[EXERCISE DESCRIPTION]
Output all of the data exactly as it appears, but leave out any pictures it contains.

[PROVIDED ENTRIES]
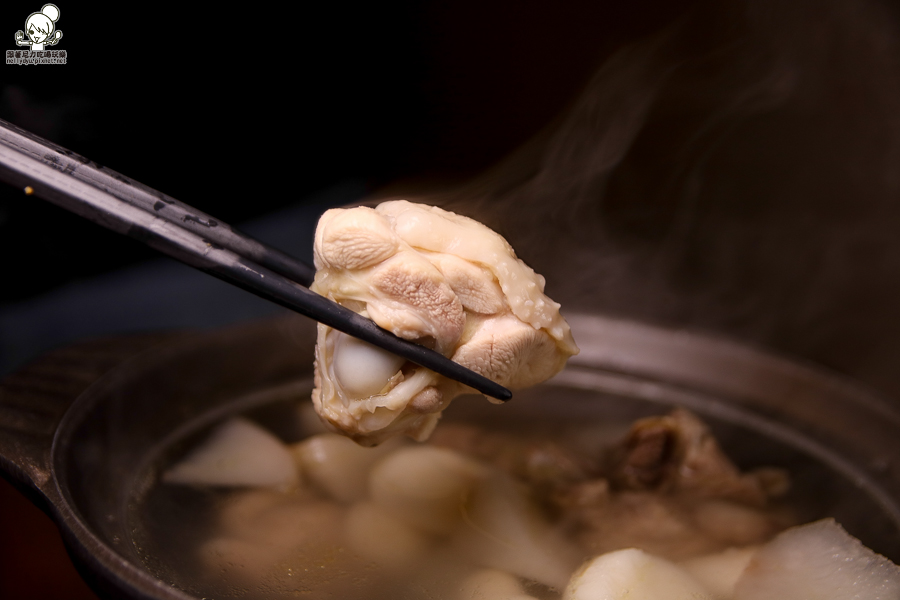 溫暖滋味的御膳房迷你土雞鍋，湯頭獨特土雞肉保有Q彈度、入口即化虎掌飯必點 - 跟著尼力吃喝玩樂＆親子生活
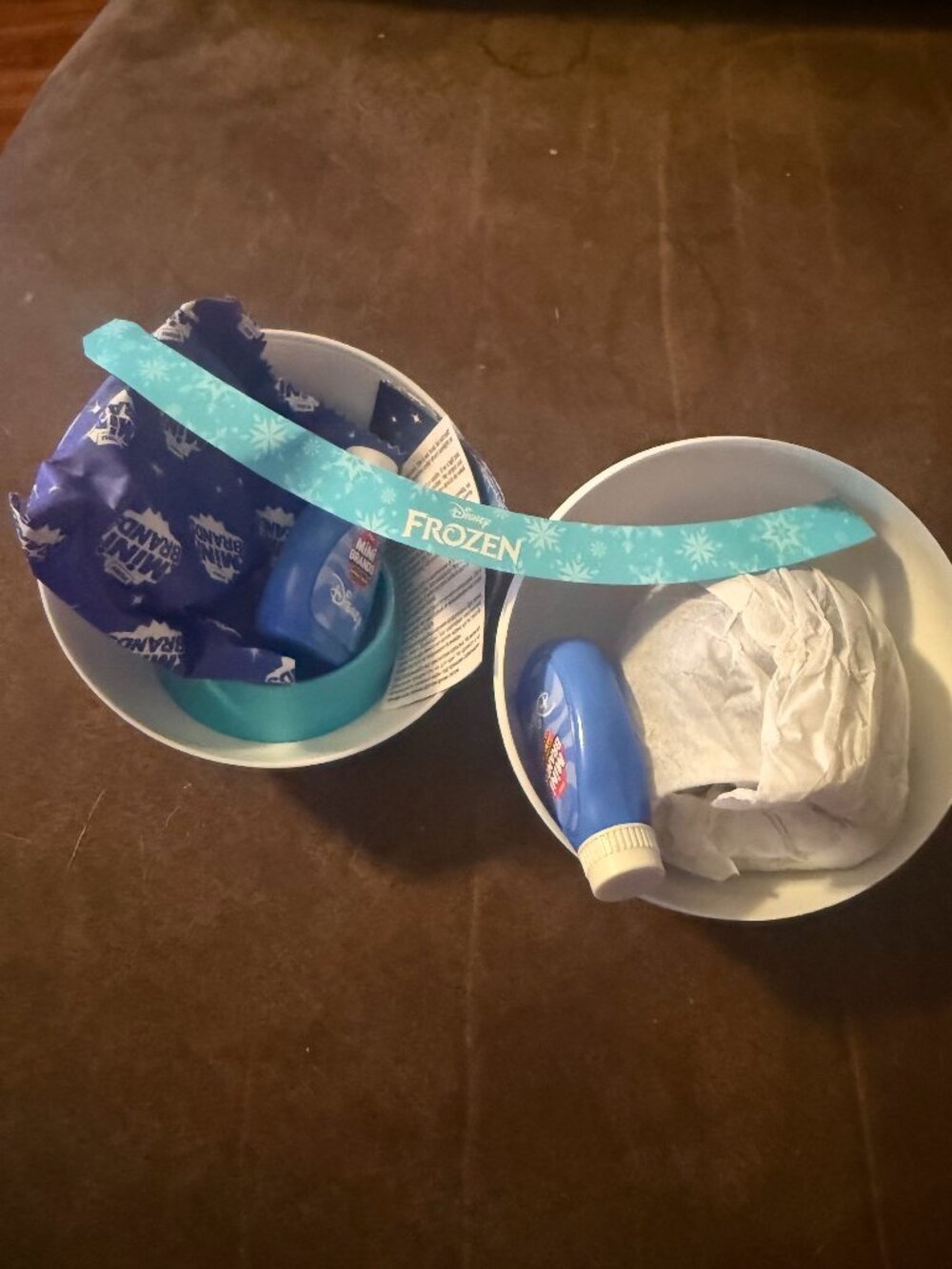 ZURU Mini Brands Create Disney Frozen Mini Snow Globe Elsa & Olaf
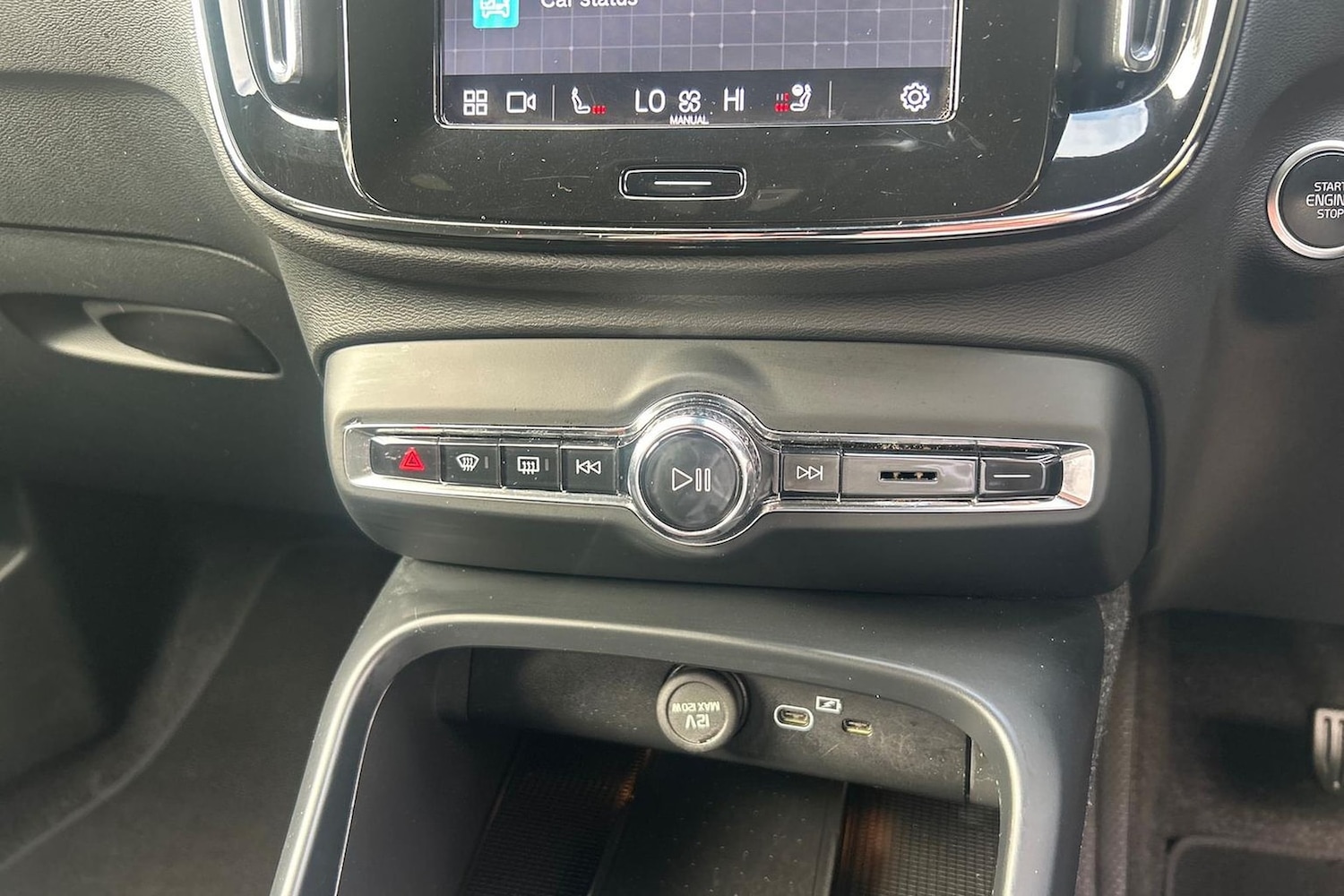 Used Volvo XC40 2025 for sale - 76741201: Photo 12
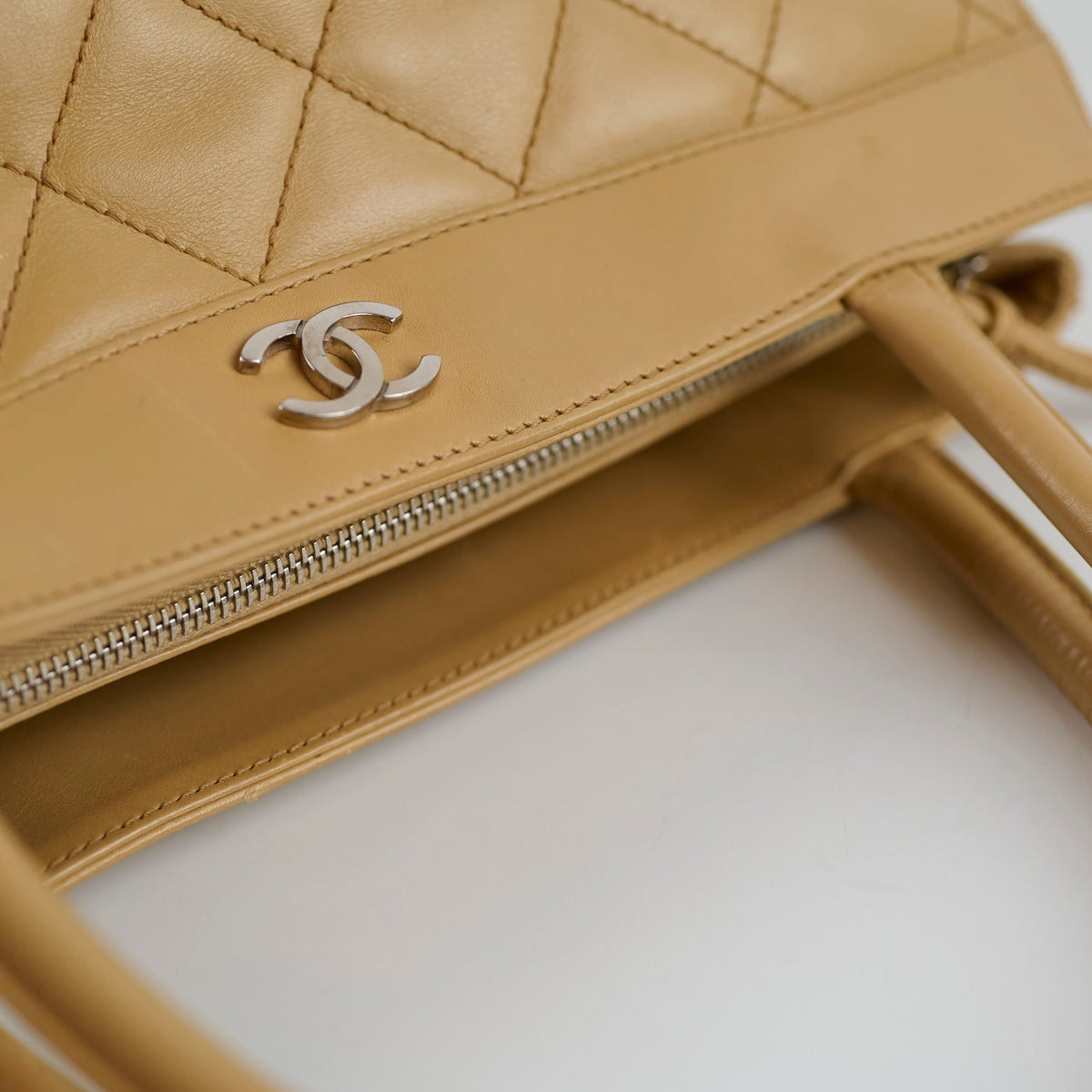 Chanel Beige Quilted Tote Bag - photo 14
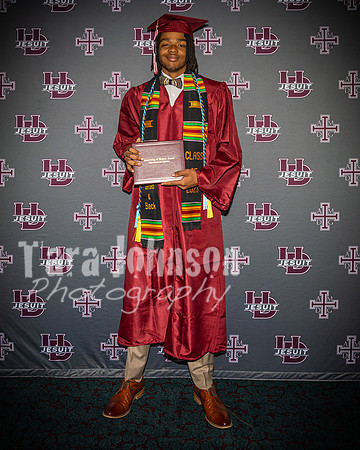 2023 UDJ Graduation - U of D Backdrop - TJP (50 of 331)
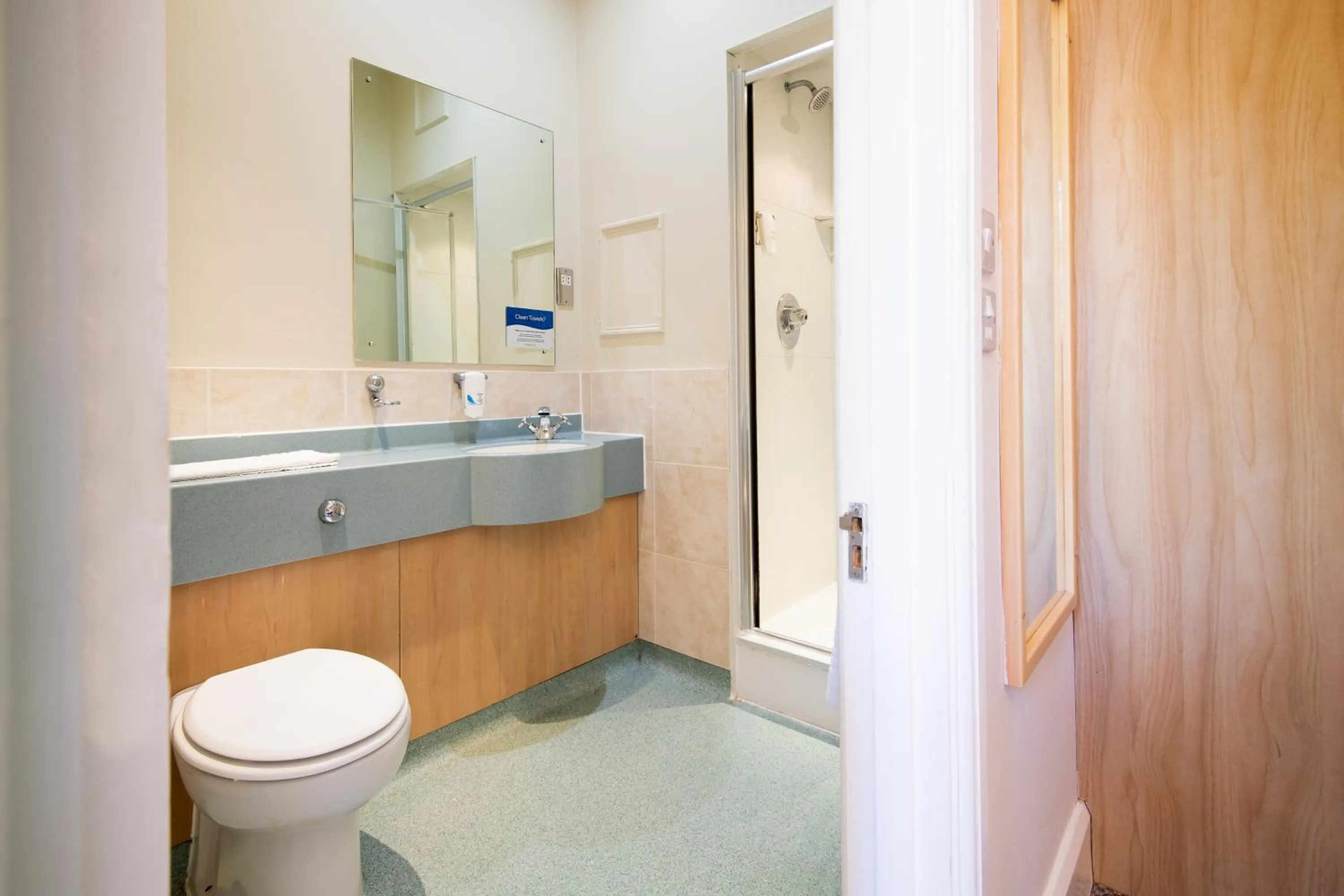 Bathroom in Heart of England, Northampton by Marston's Inns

[ANSWER SECTION]
 溫暖滋味的御膳房迷你土雞鍋，湯頭獨特土雞肉保有Q彈度、入口即化虎掌飯必點 - 跟著尼力吃喝玩樂＆親子生活
 ZURU Mini Brands Create Disney Frozen Mini Snow Globe Elsa & Olaf
 Used Volvo XC40 2025 for sale - 76741201: Photo 12
 Chanel Beige Quilted Tote Bag - photo 14
 2023 UDJ Graduation - U of D Backdrop - TJP (50 of 331)
 Bathroom in Heart of England, Northampton by Marston's Inns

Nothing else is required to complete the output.